Take the entries below and print only the lines from the one with "LumiSource Grotto Swivel" through the one with "White Stuff Womens", exactly as they stand, both ends included.

(Items from a data source)

::::

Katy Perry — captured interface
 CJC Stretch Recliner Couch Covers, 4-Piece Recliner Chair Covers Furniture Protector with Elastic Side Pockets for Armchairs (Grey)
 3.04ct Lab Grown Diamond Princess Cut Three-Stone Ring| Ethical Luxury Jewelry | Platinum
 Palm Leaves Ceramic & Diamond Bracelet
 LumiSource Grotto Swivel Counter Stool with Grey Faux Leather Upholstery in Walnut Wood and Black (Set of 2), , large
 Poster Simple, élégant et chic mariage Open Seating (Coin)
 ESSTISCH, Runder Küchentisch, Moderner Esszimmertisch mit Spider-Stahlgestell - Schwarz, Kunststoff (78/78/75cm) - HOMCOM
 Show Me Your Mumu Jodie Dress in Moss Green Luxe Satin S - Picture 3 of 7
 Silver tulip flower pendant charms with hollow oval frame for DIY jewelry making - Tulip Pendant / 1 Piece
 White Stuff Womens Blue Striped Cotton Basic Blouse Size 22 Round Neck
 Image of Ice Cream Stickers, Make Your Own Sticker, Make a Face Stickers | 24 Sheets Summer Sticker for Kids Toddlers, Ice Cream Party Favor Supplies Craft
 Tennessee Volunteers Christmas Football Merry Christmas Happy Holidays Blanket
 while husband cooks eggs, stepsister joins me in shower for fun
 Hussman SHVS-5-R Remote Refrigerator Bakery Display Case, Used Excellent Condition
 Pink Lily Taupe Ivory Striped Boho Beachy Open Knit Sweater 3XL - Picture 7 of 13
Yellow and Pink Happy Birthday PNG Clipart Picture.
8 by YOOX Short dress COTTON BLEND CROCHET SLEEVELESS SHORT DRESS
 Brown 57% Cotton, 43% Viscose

::::

### Output below:
 LumiSource Grotto Swivel Counter Stool with Grey Faux Leather Upholstery in Walnut Wood and Black (Set of 2), , large
 Poster Simple, élégant et chic mariage Open Seating (Coin)
 ESSTISCH, Runder Küchentisch, Moderner Esszimmertisch mit Spider-Stahlgestell - Schwarz, Kunststoff (78/78/75cm) - HOMCOM
 Show Me Your Mumu Jodie Dress in Moss Green Luxe Satin S - Picture 3 of 7
 Silver tulip flower pendant charms with hollow oval frame for DIY jewelry making - Tulip Pendant / 1 Piece
 White Stuff Womens Blue Striped Cotton Basic Blouse Size 22 Round Neck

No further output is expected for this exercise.